Valerie Bloom (author) from Pennsylvania, USA on March 25, 2013:

@anonymous: It's definitely one of those concepts that instantly makes sense but that very few of us would ever have come up with on our own. I know I never would have thought of it myself!

anonymous on March 24, 2013:

I've never heard of sending a bounce box. This is a smart idea. I enjoyed this lens.

Takkhis on March 24, 2013:

I like the idea! It is a helpful lens :)

com2 on January 02, 2013:

I know hikers did this but did not know the details, thanks for the info.

Susan R. Davis from Vancouver on November 06, 2012:

I had no idea you could do this thing with a bounce box. What a clever idea.

xriotdotbiz lm on June 30, 2012:

We had a lot of fun in college discussing the old "Hold Until Called For" service of the USPS. Then I read of people using it just as you mentioned on the AT, didn't know it had a name. Great tips for backpackers.

Valerie Bloom (author) from Pennsylvania, USA on April 20, 2012:

@tricomanagement: Thanks!

tricomanagement on April 17, 2012:

great information - love it! Have to go back and add something to your list

William Leverne Smith from Hollister, MO on April 11, 2012:

Neat lens with very useful information. Thanks for sharing! ;-)

anonymous on April 09, 2012:

What a great idea I am sure backpackers will appreciate the tips

Valerie Bloom (author) from Pennsylvania, USA on April 05, 2012:

@SophiaStar LM: I'm glad you enjoyed it, and thanks for referring your friend to this lens! I have several other lenses about hiking and backpacking, too!

SophiaStar LM on April 04, 2012:

This was really very interesting! Helpful for those who love thru-hiking.

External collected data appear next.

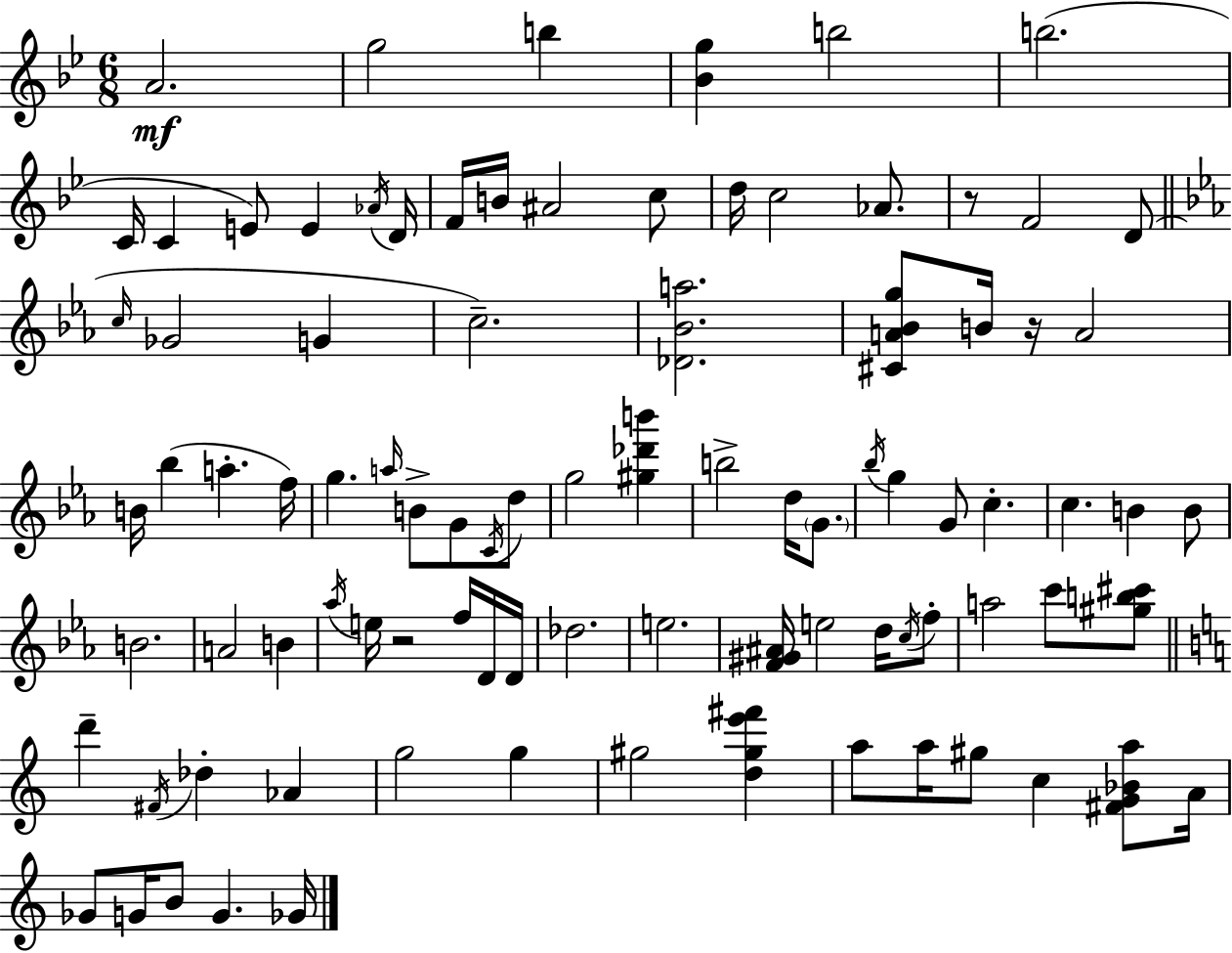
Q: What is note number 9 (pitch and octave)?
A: E4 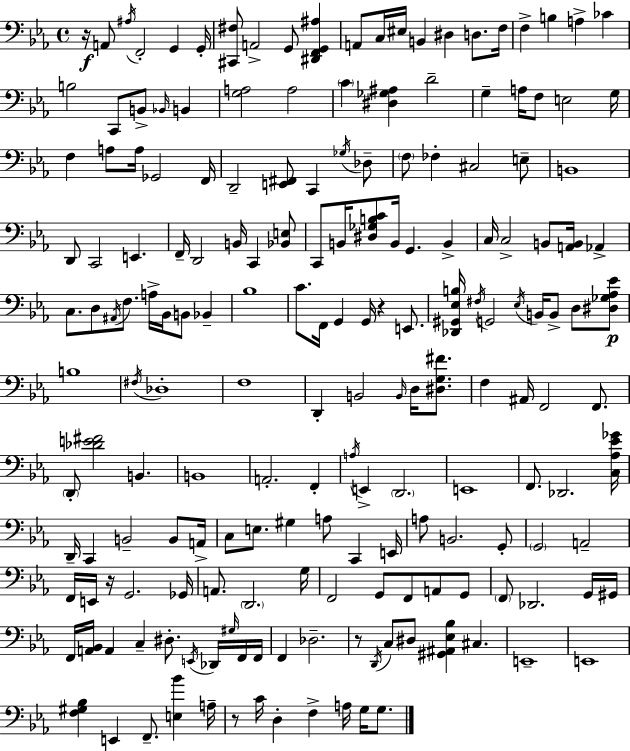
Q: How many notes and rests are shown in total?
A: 184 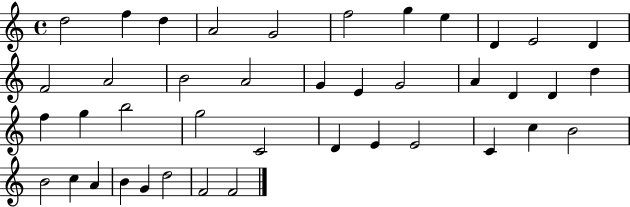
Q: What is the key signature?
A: C major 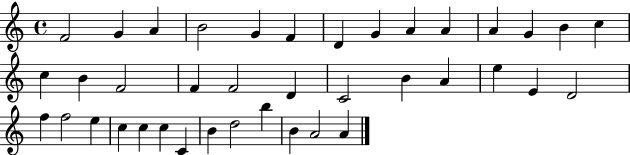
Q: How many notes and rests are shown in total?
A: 39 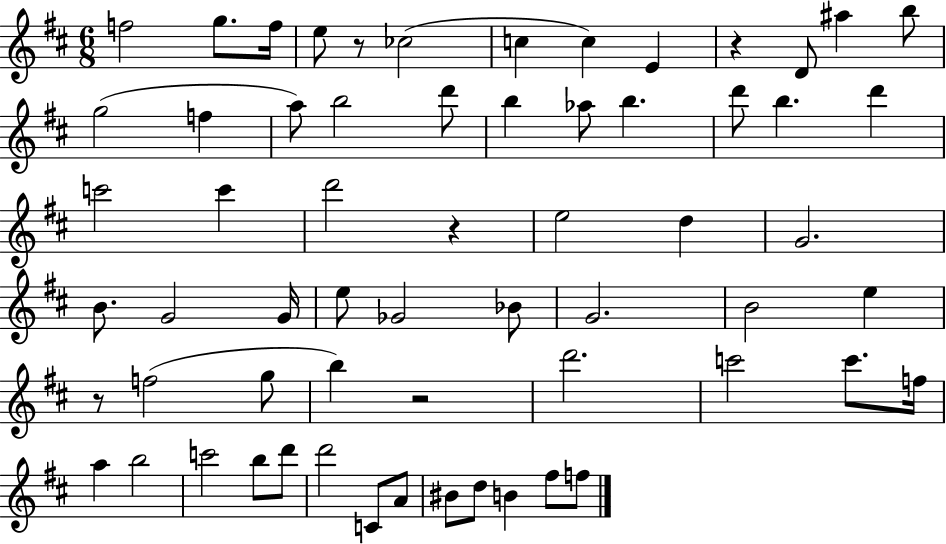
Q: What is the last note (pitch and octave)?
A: F5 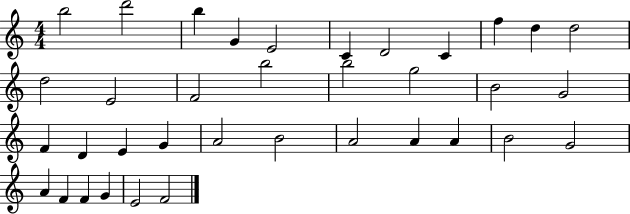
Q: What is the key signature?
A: C major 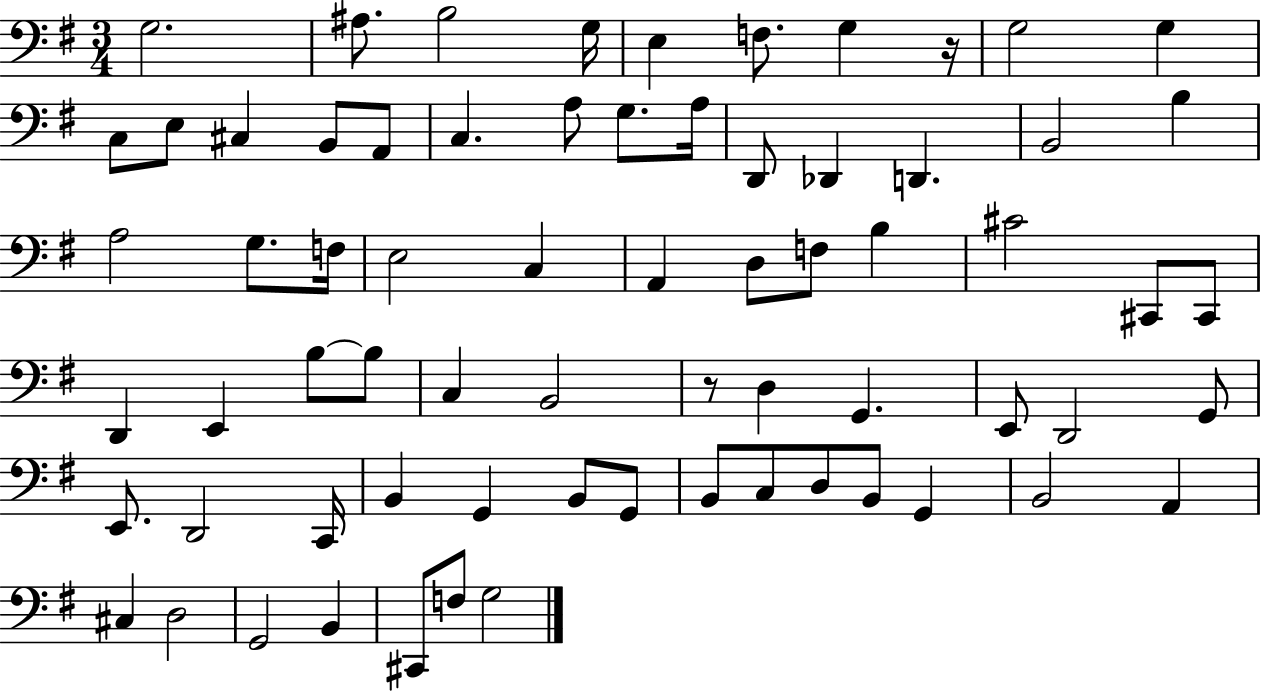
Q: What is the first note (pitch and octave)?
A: G3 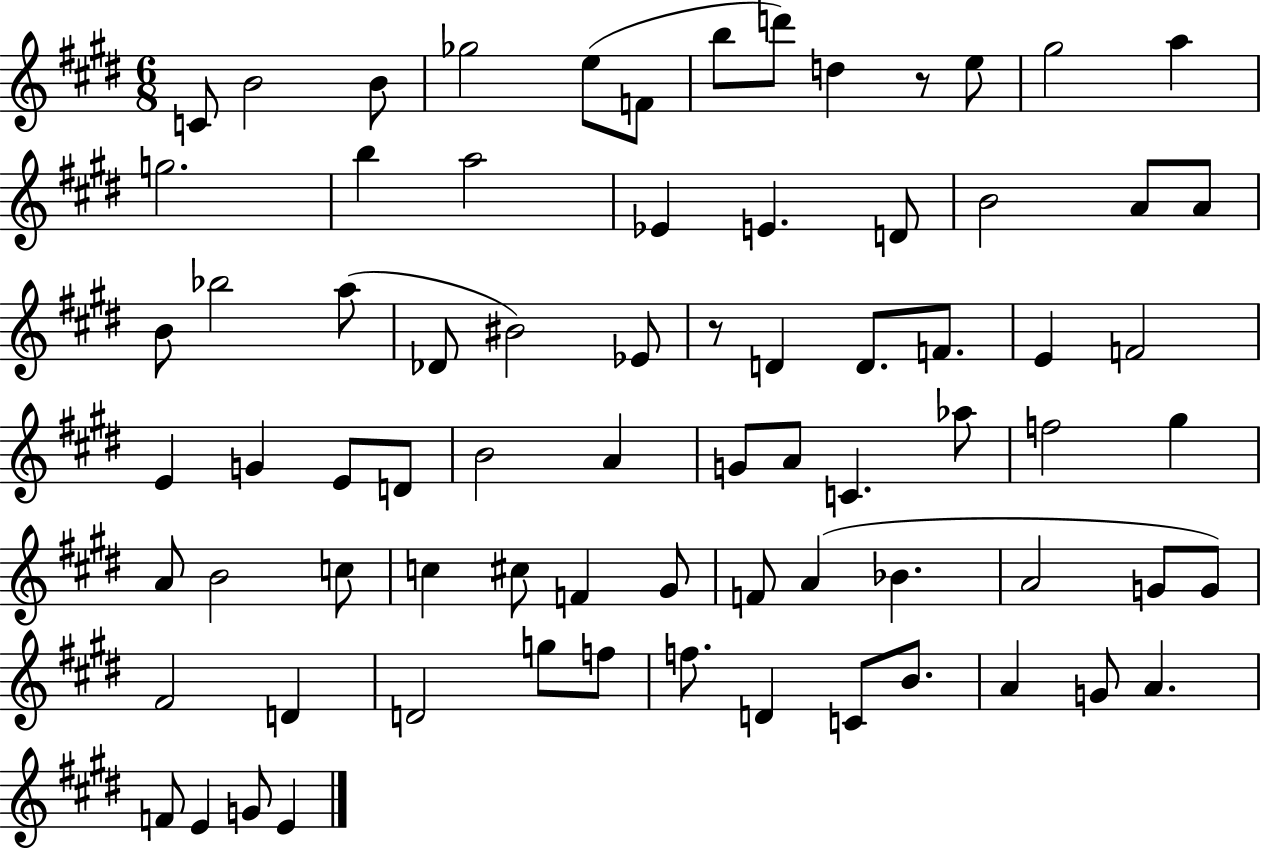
X:1
T:Untitled
M:6/8
L:1/4
K:E
C/2 B2 B/2 _g2 e/2 F/2 b/2 d'/2 d z/2 e/2 ^g2 a g2 b a2 _E E D/2 B2 A/2 A/2 B/2 _b2 a/2 _D/2 ^B2 _E/2 z/2 D D/2 F/2 E F2 E G E/2 D/2 B2 A G/2 A/2 C _a/2 f2 ^g A/2 B2 c/2 c ^c/2 F ^G/2 F/2 A _B A2 G/2 G/2 ^F2 D D2 g/2 f/2 f/2 D C/2 B/2 A G/2 A F/2 E G/2 E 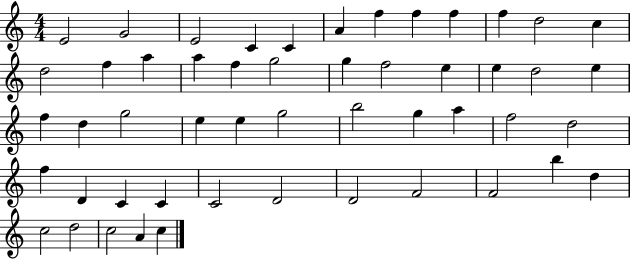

I have never done it myself but I have a friend who is looking into giving it a go, I will have to send him here to read your lens!

Valerie Bloom (author) from Pennsylvania, USA on April 04, 2012:

@Diana Wenzel: There is certainly a lot of differences between the AT, CDT, and PCT! Very different thru-hiking experiences. I've only done hiked the AT, but I'm fascinated by stories of the other long trails!

Valerie Bloom (author) from Pennsylvania, USA on April 04, 2012:

@SusanDeppner: Thank you! I'm glad you enjoyed the lens.

Valerie Bloom (author) from Pennsylvania, USA on April 04, 2012:

@anonymous: Yes, there's nothing like hiking with a full pack to help you realize what you don't need!

anonymous on April 03, 2012:

What a great idea. I've only done a weekend hike on the AT, but learned a lot about what not to bring. We donated several things to a shelter on the way.

Beverly Rodriguez from Albany New York on April 03, 2012:

This is new to me....great idea and well done lens.

Treasures By Brenda from Canada on April 02, 2012:

Brilliant idea, I'd never heard of a bounce box either.

Susan Deppner from Arkansas USA on April 02, 2012:

I've never heard of a bounce box, but it makes perfect sense. Great information here for anyone planning a long hike. Love that you included how to address the box, as well as the reminder to thank the post office staff. Very helpful!

Country Sunshine from Texas on April 02, 2012:

It's been years since I back-packed, and had never thought about sending myself a bounce box! Great idea. Thanks for sharing!

Renaissance Woman from Colorado on March 30, 2012:

I don't know how thru-hikers would make it without a bounce box. I'm currently reading a book about two thru-hikers on the Continental Divide trail (_Where the Waters Divide_). They really had challenges finding provisions in the more remote areas along the hike. Finding clean drinking water was the biggest challenge for them.